The next version of Sugar Community Edition will be licensed under the GNU General Public License version 3 when it is made available later this year. The announcement was made by John Roberts, SugarCRM’sCEO, during a panel discussion at the annual O’Reilly Open Source Conference about who gets to decide what open source means.
“Sugar Community Edition 5.0 will fully support GPLv3 when the software is made available,” he told attendees.
That product is expected to be released in the September timeframe and includes new platform features, new CRM functionality and community development tools.
The move makes SugarCRM one of the first vendors of open-source software to embrace the latest version of the GPL, which was just released last month.
The move was welcomed by Eben Moglen, the executive director of the Software Freedom Law Center, who was also extensively involved in the drafting of GPLv3.
“I’m pleased to see the SugarCRM open-source project adopt GPLv3. We believe that sharing knowledge is good and we encourage other important free and open-source software projects to take this step and join us in making better software,” he said in a statement released at Oscon.
The drafting of GPLv3 was also not without challenges and controversies; in fact, Linus Torvalds, the father of Linux, has said he has yet to see “any actual reasons for licensing under the GPLv3.”
SugarCRM has a history of making bold licensing moves.

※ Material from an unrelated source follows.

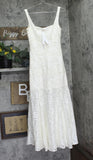 Aqua Soutache Cord Lace Drop Waist Maxi Dress IDM12229 Ivory Off White XS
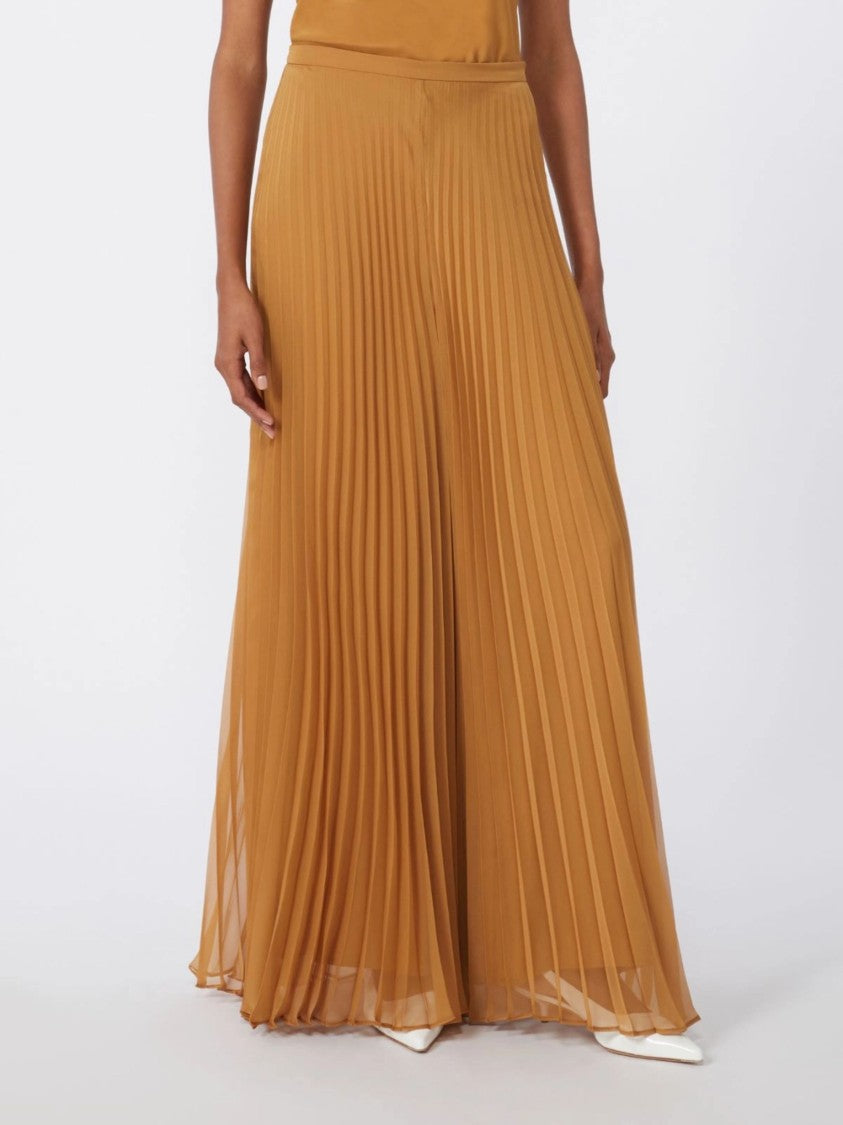 Max Mara Brown Side Zip Fastening Pleated Straight-Leg Pants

Last February the open-source vendor announced its plans to launch a distribution of its Sugar Suite 4.5 software under the Microsoft Community License.
That move made SugarCRM the first outside party to offer its software under Microsoft’s quasi-open-source license, which is part of the Shared Source Initiative through which Microsoft shares some source code with customers, partners and governments worldwide.
The discussion about who gets to decide what open source means is not a new one. For some, like Danese Cooper, the secretary and treasurer of the OSI board, the term “open source” has been subject to abuse.
Despite efforts by the OSI (Open Source Initiative) to trademark the phrase, the USPTO (U.S. Patent and Trademark Office) has claimed the phrase was too generic to be trademarked, thereby weakening efforts to guard against its improper usage, she has said.